Connecting to the Etleap deployment

After Terraform has finished applying the changes, it may take up to 30 minutes for the application to be available. This time is required to configure the EC2 instances, database and EMR cluster.

Go to the URL in the app-hostname, and use the email provided in the template to login. A temporary password was created as part of the deployment, and it's value is the output of terraform output setup-password.

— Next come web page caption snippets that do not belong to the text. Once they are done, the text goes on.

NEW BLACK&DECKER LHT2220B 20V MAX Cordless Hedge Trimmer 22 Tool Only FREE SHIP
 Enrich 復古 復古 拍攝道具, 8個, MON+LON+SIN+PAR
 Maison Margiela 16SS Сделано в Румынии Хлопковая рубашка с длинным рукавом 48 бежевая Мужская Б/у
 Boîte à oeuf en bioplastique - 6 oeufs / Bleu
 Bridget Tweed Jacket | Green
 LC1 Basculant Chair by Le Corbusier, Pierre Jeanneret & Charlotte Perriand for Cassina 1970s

Once logged in you'll be prompted to create a new password.

Monitoring and operation

CloudWatch Alarms

This module defines a number of CloudWatch alarms that can be used to alert your infrastructure operations team when the deployment is in a bad state. The table below describes the alarms that are defined, together with the action recommended to remedy them. Critical alarms are for conditions that cause pipelines to stop.

Alarm	Critical	Cause	Resolution
EMR Cluster Running	Yes	EMR cluster is not running	See the section on Reprovisioning a new EMR cluster
60% Disk EMR HDFS	No	Not enough core nodes for the workload	Increase the number of core nodes via the Terraform variable `emr_core_node_count`.
EMR Unhealthy Nodes	No	EMR cluster is in a bad state	Taint the cluster and see the section on Reprovisioning a new EMR cluster
EMR Missing Blocks	No	Missing HDFS blocks means we lost one or more core nodes	Taint the cluster and the section on Reprovisioning a new EMR cluster
80% Disk EMR NameNode	Yes	The disk is filling up on the name ndoe	Taint the cluster and the section on Reprovisioning a new EMR cluster
RDS CPU 90%	No	RDS instance is saturating CPU	Increase the RDS instance size
RDS Disk Space	Yes	RDS is running out of disk space	Increase the `allocated_storage` via Terraform, or via the console
RDS Freeable Memory	No	RDS is running out of disk space	Increase the `allocated_storage` via Terraform, or via the console
* Node 80% CPU	No	CPU usage is high on the specified instance	Upgrade the instance type to the next larger size within the same instance family. If you wish to upgrade from `t3.2xlarge`, which is the largest `t3` instance available, please switch to the `c6a` family.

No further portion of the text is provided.